On that note, Tipping sees opportunity for B.C., whose technology industry keeps spilling over into other sectors. “Adjacent industries are becoming tech industries, and every industry is becoming tech,” she says. “As a consequence of that, it’s going to be a growing share of jobs.”

The provincial government projects that from 2019 through 2029, professional, scientific and technical services will see 2.5-percent annual job growth. But based on recent member surveys, BC Tech expects that category to expand by 10 to 15 percent annually during the same period—generating 88,000 more jobs than the government forecast of 98,800.

That’s good news, but when it comes to measuring the economic impact of the tech sector, we’re still using 20th-century methods, the report maintains. For example, the current North American Industry Classification System (NAICS) doesn’t separate technology and digital businesses from professional, scientific and technical services. At the same, time there’s little provincial and federal data on B.C. services exports.

Talking to civil servants at both levels of government, Tipping has found them interested in gathering better data. “It’s a challenge to find the time and the money and the teams to invest in the new,” she says. “But I do think there’s a shared understanding of the challenge and the need to adjust to this question.”

Talent, talent and talent

To help shape the new economic narrative, BC Tech lays out three steps. “First and foremost is to really embrace data,” Tipping says. “Let’s understand today’s economy, because we don’t have enough information is what is driving 80 percent of our economy.”

With that in mind, Tipping would like to see the provincial government make use of her organization’s report as it develops a new economic plan due this fall. “We’re hoping to be influential as part of that on the kinds of questions that need to be asked and answered, and specifically with a focus on the data capture piece.”

But her bigger ambition is to change the conversation, “so that hopefully, three years from now, it isn’t the case that 80 percent of the jobs get 5 percent of the conversation,” she says. “That’s something that’s a longer-term play, but even the way the report has been received so far and the conversations we’ve had so far, I am pleasantly surprised by the interest that we’re getting within government as well as in wider society.”

Step 2: Face reality. “Let’s just understand that technology innovation isn’t a choice, it isn’t an option anymore. It’s a fact, and it’s been a fact for 20 years, and it’s what is driving prosperity and growth globally,” she says. “Sometimes I think in B.C., it’s seen as icing on the cake—or, If we have time for that, we will. It’s the cake, OK? It’s become the cake.”

And Step 3? “There are three priorities in this new economic narrative, and they are talent, talent and talent,” Tipping says. “We must stop seeing people as a cost or an afterthought. They’re the fundamental unit and driver of wealth, of prosperity, of growth. And if we invest in people, whether that’s through education or infrastructure or their ideas or their entrepreneurship or their innovation about new ways to create value for old industries, whether it’s in B.C. or elsewhere, it’s the easiest money you could possibly make.”

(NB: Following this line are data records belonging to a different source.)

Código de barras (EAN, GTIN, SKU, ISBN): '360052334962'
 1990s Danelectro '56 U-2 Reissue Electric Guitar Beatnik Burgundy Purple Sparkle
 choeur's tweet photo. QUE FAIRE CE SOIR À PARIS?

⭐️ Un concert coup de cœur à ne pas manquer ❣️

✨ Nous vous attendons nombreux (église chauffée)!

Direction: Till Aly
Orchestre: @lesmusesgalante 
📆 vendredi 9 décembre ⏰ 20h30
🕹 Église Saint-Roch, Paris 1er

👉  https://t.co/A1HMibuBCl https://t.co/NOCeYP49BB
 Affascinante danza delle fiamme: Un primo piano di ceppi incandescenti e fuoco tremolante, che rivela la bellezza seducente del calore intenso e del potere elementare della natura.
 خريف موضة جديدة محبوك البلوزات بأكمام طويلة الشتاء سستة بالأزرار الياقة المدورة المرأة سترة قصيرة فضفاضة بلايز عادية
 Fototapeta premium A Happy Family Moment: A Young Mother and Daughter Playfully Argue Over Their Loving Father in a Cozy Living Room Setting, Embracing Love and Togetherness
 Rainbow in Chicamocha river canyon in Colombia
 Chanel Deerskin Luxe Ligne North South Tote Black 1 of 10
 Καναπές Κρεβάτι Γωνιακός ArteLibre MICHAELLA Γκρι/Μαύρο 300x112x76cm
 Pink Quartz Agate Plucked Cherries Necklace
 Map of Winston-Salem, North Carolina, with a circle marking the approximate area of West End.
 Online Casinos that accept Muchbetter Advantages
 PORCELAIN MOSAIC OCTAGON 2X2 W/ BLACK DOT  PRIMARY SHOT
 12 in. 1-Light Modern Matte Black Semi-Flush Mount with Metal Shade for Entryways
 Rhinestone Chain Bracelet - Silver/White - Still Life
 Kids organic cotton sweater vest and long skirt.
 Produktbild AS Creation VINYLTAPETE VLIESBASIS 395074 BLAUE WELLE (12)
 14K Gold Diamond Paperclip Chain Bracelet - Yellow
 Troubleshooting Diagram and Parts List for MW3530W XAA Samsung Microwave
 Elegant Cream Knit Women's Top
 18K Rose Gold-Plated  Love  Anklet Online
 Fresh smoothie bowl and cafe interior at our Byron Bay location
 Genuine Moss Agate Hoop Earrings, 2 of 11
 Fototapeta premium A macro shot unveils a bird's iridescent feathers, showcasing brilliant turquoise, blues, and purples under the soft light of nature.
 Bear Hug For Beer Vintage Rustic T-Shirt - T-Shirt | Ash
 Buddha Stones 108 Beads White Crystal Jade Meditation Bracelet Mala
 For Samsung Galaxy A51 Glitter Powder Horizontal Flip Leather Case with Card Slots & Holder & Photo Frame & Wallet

Having previously spent several years with energy multinational Schneider Electric as VP operations and CFO of its solar business, Tipping knows about making money the hard way. “It is a really tough business,” she says. “It’s constantly focused on taking costs out. You will win in the energy business if you have the lowest-cost, most consistently efficient supplier.”

The drivers of the talent economy are completely different, Tipping notes. “You will win in the talent economy if you enable creativity and innovation and fast business cycles, and constant nourishment and enrichment and bringing in new ideas and products.”

Working in that new economy is more enjoyable, too, she says. “It’s more fun to earn your living in something that’s sustainably profitable and constantly interested in new ideas.”

Building the people economy

The BC Tech report also highlights the changing nature of economic competitiveness, which sees taxes play a smaller role than intangible assets, innovation and investment in people.

“I would say we’ve moved from a time when capital was constrained to a time when talent is constrained,” Tipping says. In other words, human labour and talent have become the scarce resource. “If you optimize for that resource, you will be a winner and a success in today’s economy and the future.”

Given its strong education and health-care systems, and the fact that generally speaking, it’s a safe and welcoming society, B.C. should be far ahead in that department, Tipping reckons. “It’s a bit hokey to say it, but if we can get as good as mining what’s in people’s minds as we were at mining what’s in the ground, that’s the source of value for the future.”

For Tipping, it comes back to what she calls the infrastructure of the people economy—education and re-skilling, but also affordable housing and good public transit.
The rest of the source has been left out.